Task description ->
Your reply should reproduce all the data below exactly while excluding the pictures.

Captioned web image data ->

##########

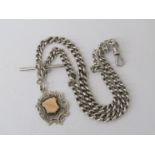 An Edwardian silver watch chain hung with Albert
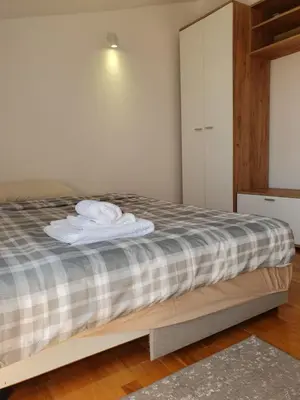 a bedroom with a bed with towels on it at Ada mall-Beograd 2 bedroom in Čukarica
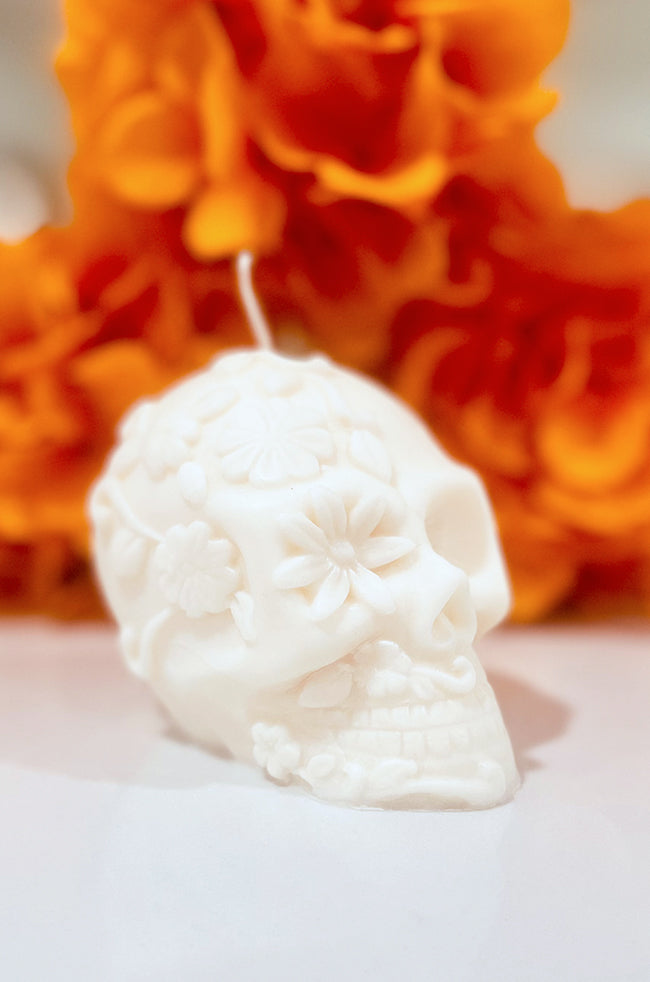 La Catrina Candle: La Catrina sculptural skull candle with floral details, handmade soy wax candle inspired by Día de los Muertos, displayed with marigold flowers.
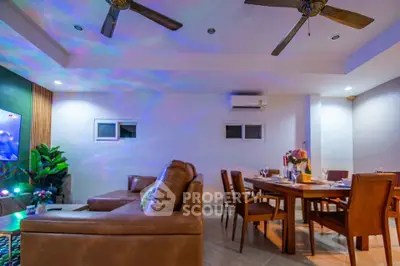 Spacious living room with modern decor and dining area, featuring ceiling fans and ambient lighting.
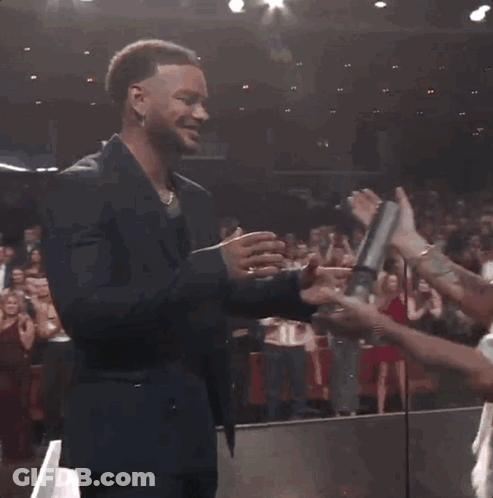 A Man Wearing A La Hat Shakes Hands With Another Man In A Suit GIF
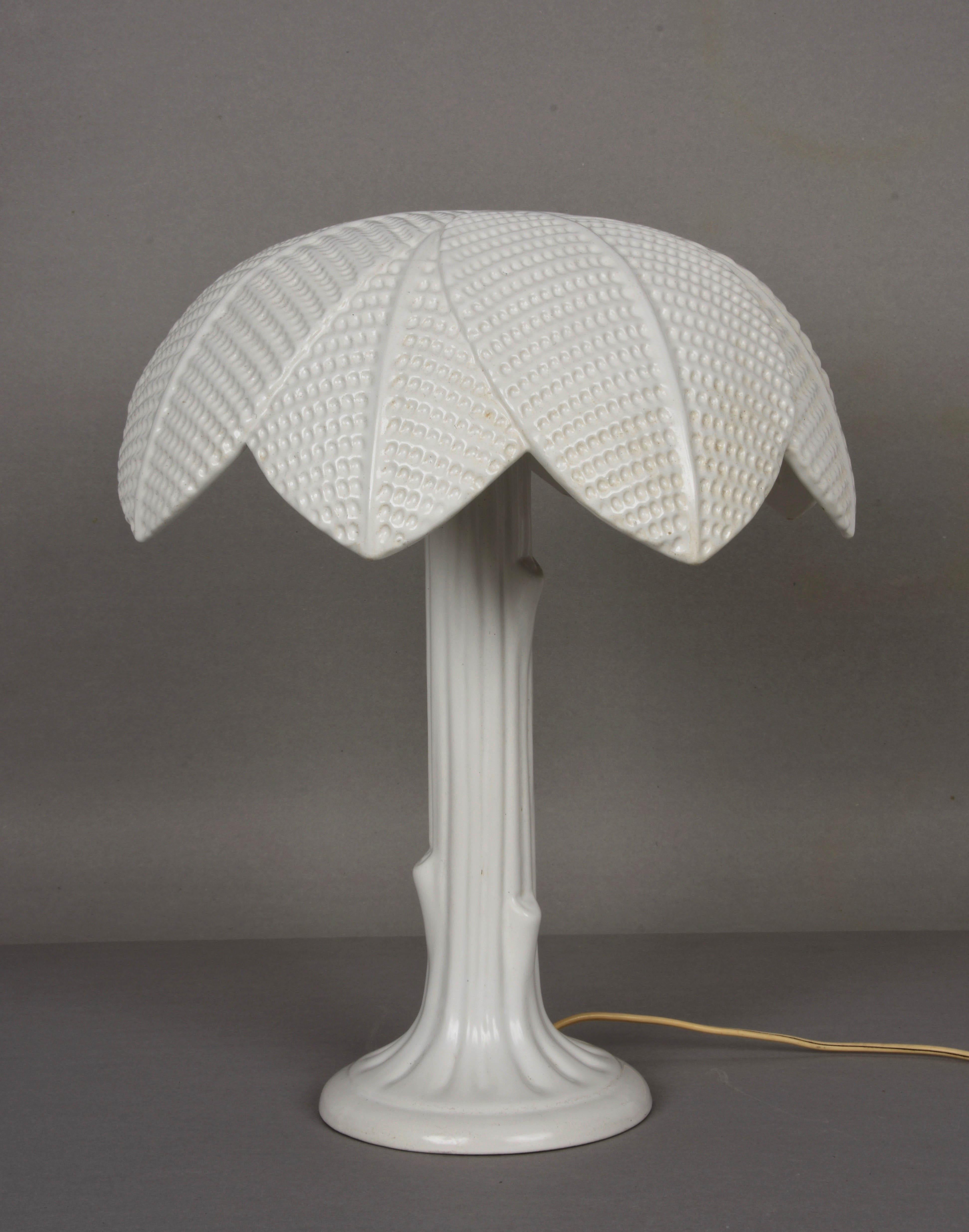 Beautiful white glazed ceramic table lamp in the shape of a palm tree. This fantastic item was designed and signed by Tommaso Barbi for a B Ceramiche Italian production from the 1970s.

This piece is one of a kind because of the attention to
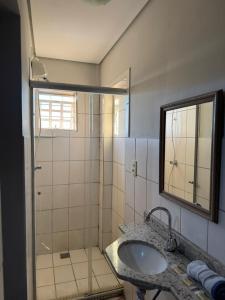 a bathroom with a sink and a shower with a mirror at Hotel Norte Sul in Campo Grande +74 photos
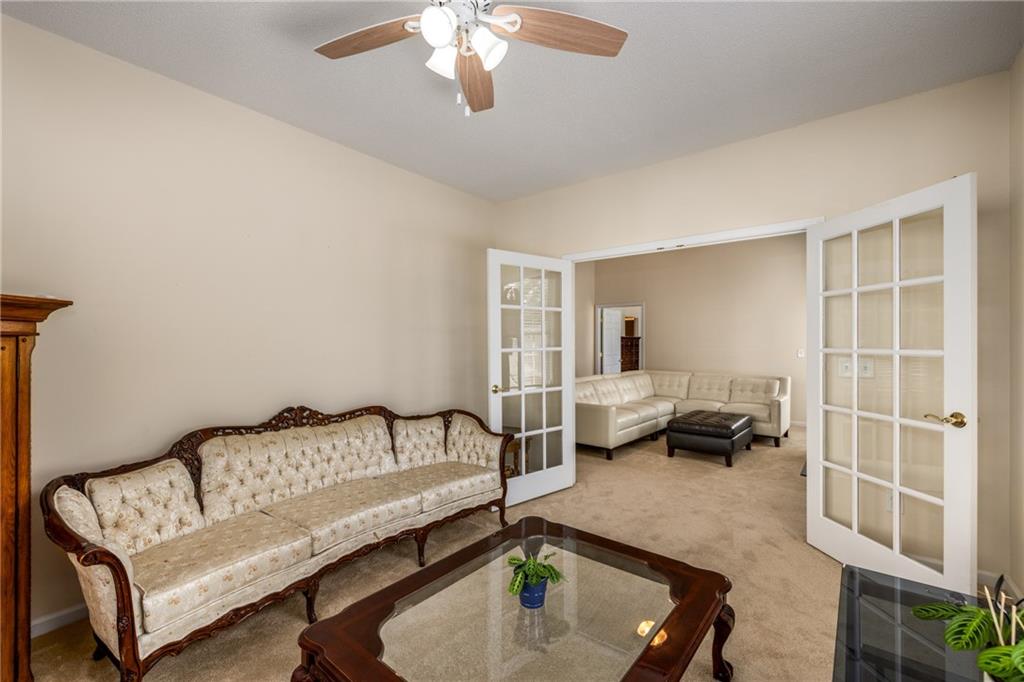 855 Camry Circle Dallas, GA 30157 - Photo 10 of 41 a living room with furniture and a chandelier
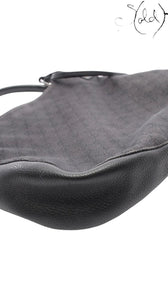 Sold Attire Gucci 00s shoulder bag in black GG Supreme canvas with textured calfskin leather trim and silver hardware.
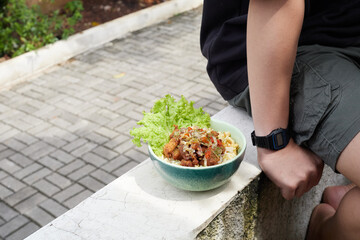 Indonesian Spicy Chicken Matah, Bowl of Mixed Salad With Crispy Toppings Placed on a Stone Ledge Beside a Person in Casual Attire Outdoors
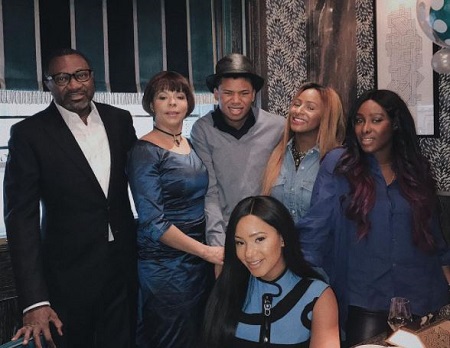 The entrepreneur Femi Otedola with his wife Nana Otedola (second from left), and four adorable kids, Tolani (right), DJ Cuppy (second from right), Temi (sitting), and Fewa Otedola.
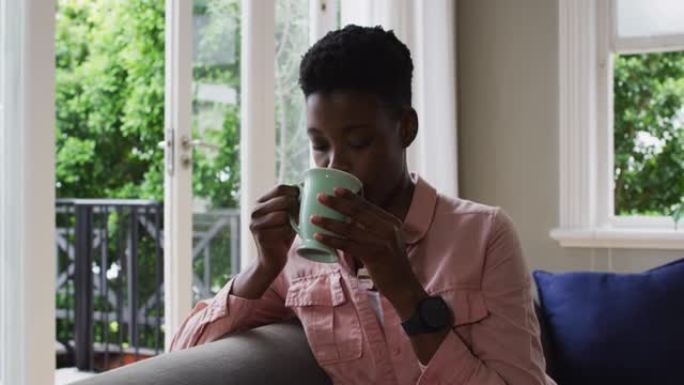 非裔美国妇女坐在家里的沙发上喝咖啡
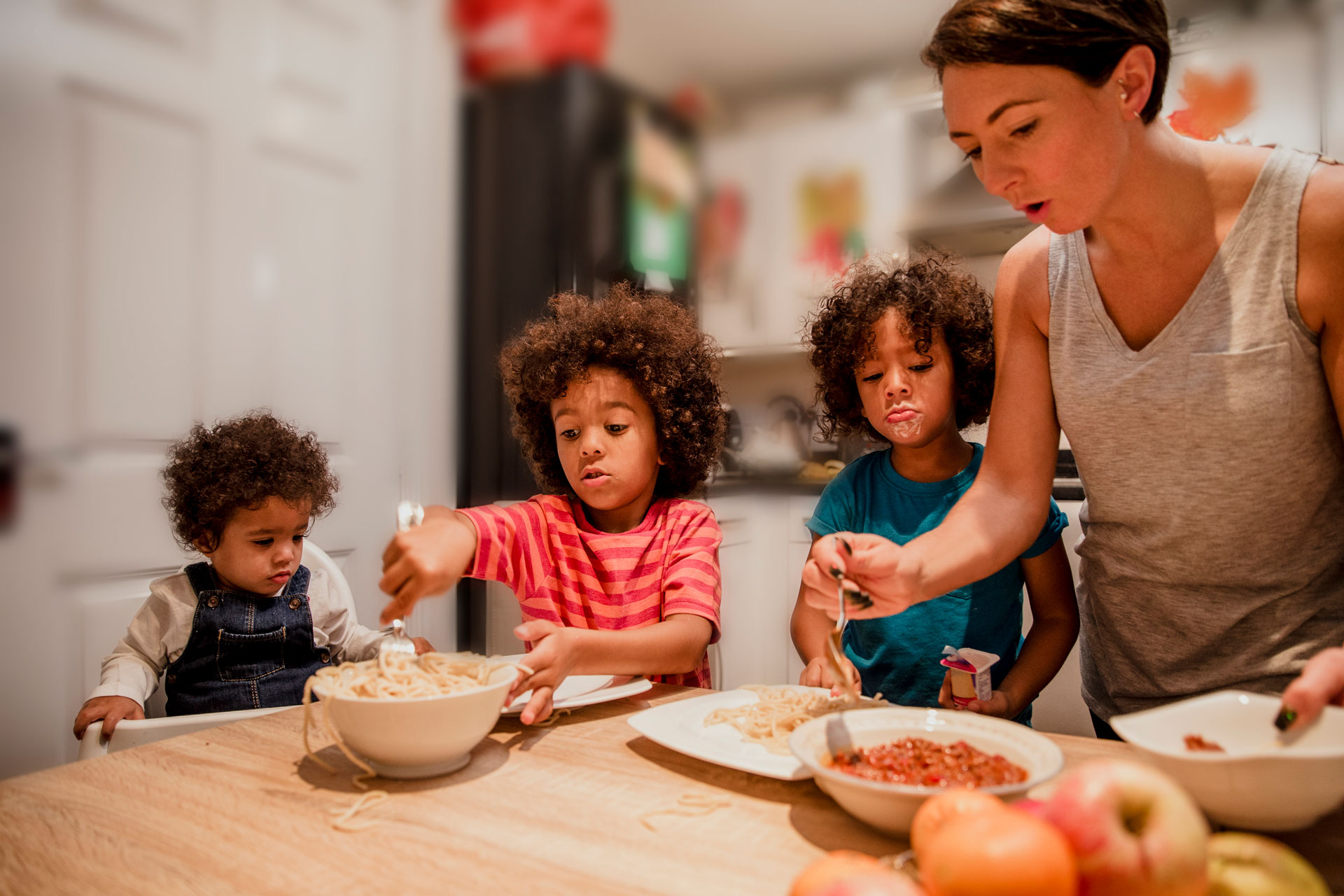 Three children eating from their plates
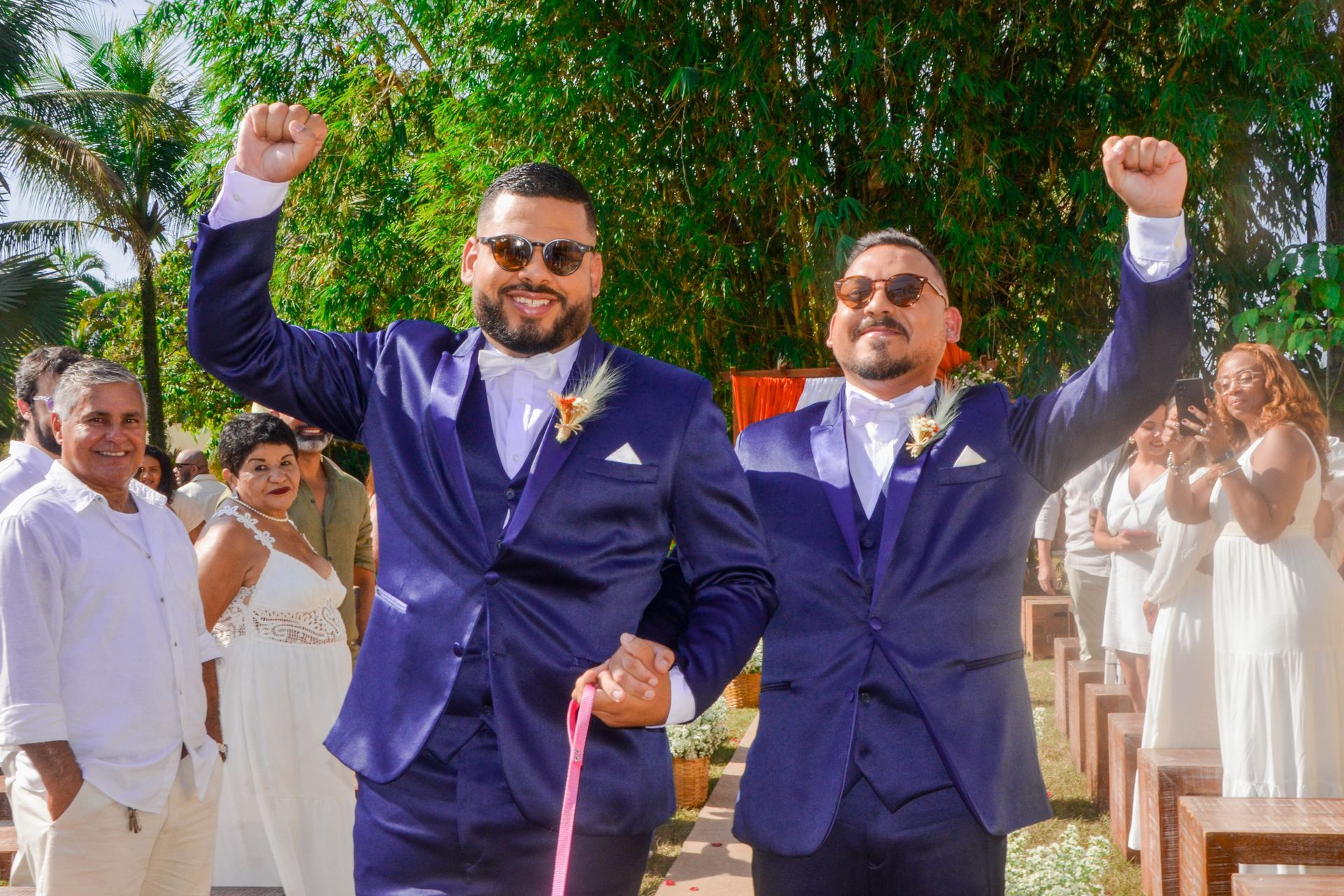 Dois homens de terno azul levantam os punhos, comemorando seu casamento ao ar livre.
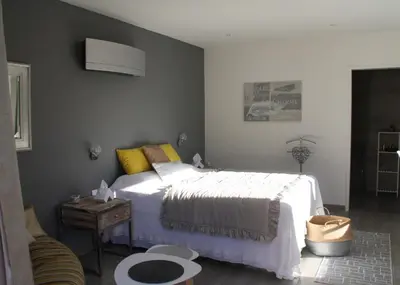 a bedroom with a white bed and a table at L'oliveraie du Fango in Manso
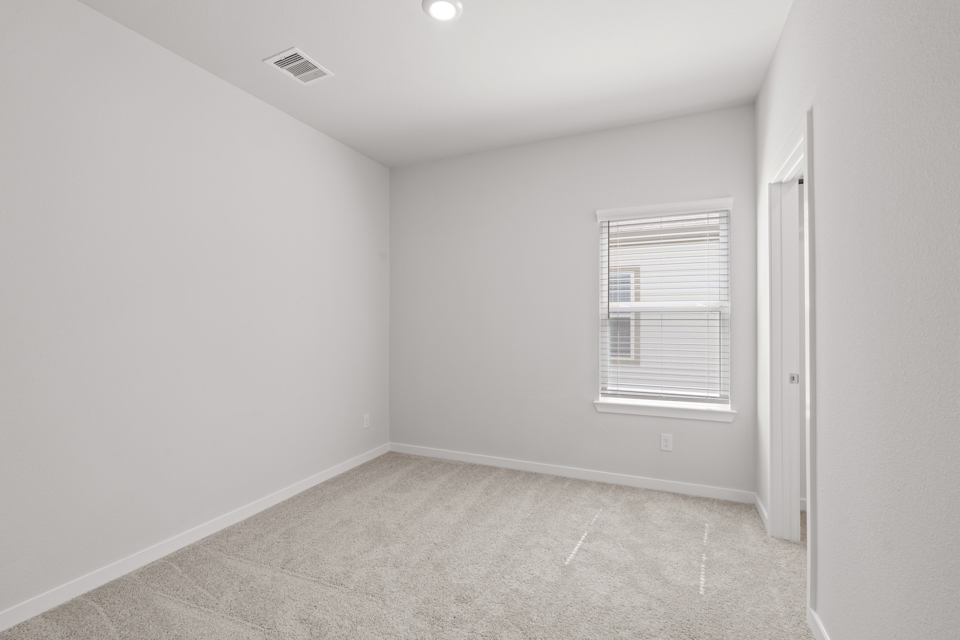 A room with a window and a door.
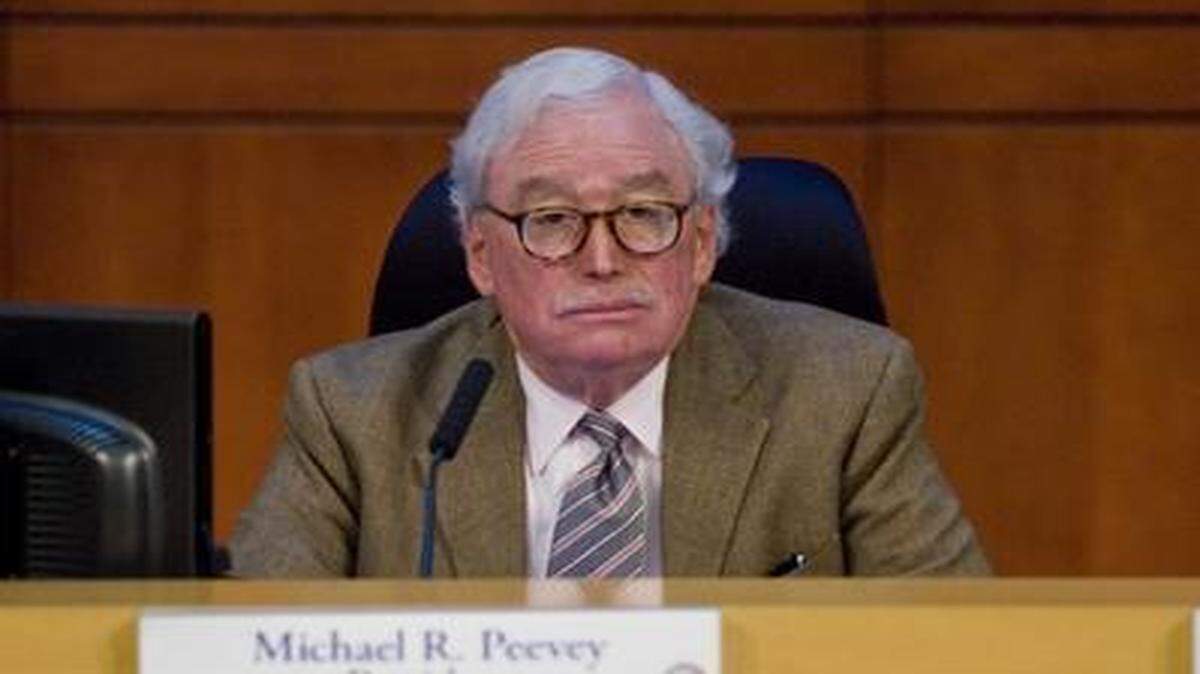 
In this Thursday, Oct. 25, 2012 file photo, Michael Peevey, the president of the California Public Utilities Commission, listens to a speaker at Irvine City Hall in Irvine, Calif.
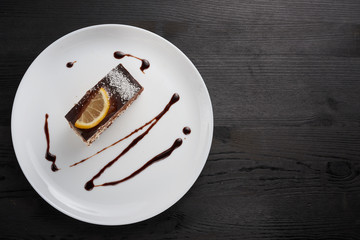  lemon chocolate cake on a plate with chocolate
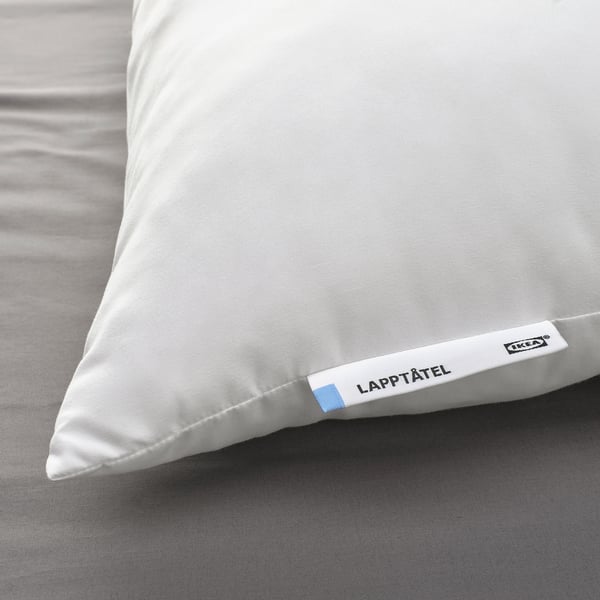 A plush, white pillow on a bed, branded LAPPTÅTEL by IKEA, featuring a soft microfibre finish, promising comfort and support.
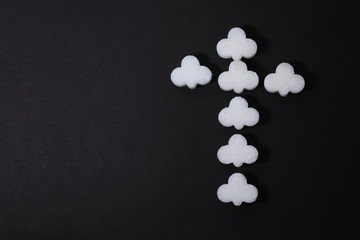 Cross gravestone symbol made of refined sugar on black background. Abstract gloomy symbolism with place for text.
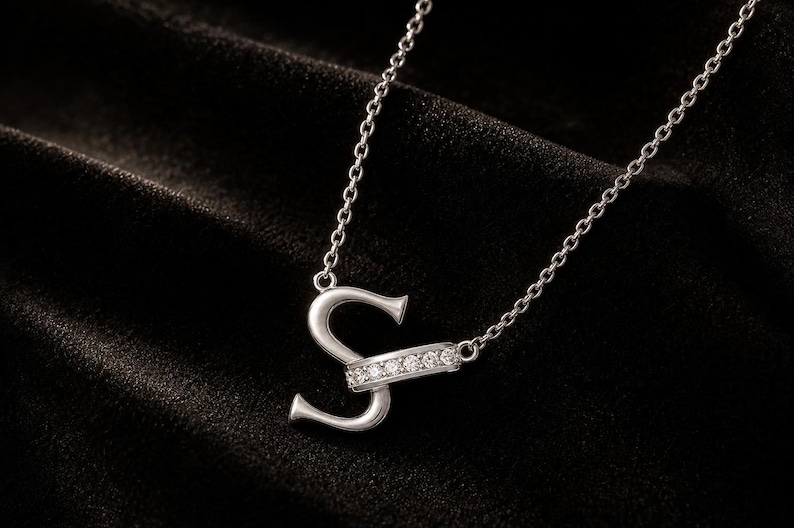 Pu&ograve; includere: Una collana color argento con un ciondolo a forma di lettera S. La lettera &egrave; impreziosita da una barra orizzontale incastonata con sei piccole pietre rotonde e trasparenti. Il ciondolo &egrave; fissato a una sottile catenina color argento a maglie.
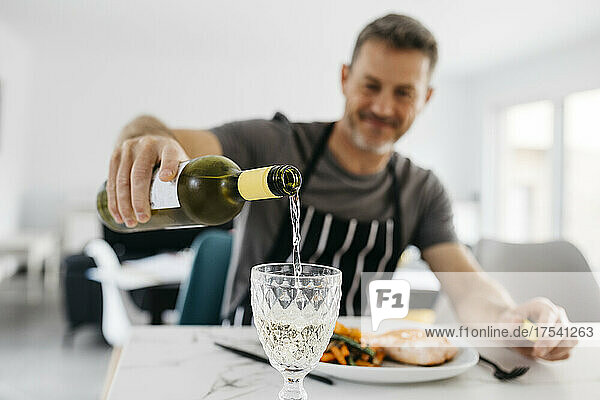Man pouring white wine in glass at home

##########

Solution for this task ->
 An Edwardian silver watch chain hung with Albert
 a bedroom with a bed with towels on it at Ada mall-Beograd 2 bedroom in Čukarica
 La Catrina Candle: La Catrina sculptural skull candle with floral details, handmade soy wax candle inspired by Día de los Muertos, displayed with marigold flowers.
 Spacious living room with modern decor and dining area, featuring ceiling fans and ambient lighting.
 A Man Wearing A La Hat Shakes Hands With Another Man In A Suit GIF
 Beautiful white glazed ceramic table lamp in the shape of a palm tree. This fantastic item was designed and signed by Tommaso Barbi for a B Ceramiche Italian production from the 1970s.

This piece is one of a kind because of the attention to
 a bathroom with a sink and a shower with a mirror at Hotel Norte Sul in Campo Grande +74 photos
 855 Camry Circle Dallas, GA 30157 - Photo 10 of 41 a living room with furniture and a chandelier
 Sold Attire Gucci 00s shoulder bag in black GG Supreme canvas with textured calfskin leather trim and silver hardware.
 Indonesian Spicy Chicken Matah, Bowl of Mixed Salad With Crispy Toppings Placed on a Stone Ledge Beside a Person in Casual Attire Outdoors
 The entrepreneur Femi Otedola with his wife Nana Otedola (second from left), and four adorable kids, Tolani (right), DJ Cuppy (second from right), Temi (sitting), and Fewa Otedola.
 非裔美国妇女坐在家里的沙发上喝咖啡
 Three children eating from their plates
 Dois homens de terno azul levantam os punhos, comemorando seu casamento ao ar livre.
 a bedroom with a white bed and a table at L'oliveraie du Fango in Manso
 A room with a window and a door.
In this Thursday, Oct. 25, 2012 file photo, Michael Peevey, the president of the California Public Utilities Commission, listens to a speaker at Irvine City Hall in Irvine, Calif.
  lemon chocolate cake on a plate with chocolate
 A plush, white pillow on a bed, branded LAPPTÅTEL by IKEA, featuring a soft microfibre finish, promising comfort and support.
 Cross gravestone symbol made of refined sugar on black background. Abstract gloomy symbolism with place for text.
 Pu&ograve; includere: Una collana color argento con un ciondolo a forma di lettera S. La lettera &egrave; impreziosita da una barra orizzontale incastonata con sei piccole pietre rotonde e trasparenti. Il ciondolo &egrave; fissato a una sottile catenina color argento a maglie.
Man pouring white wine in glass at home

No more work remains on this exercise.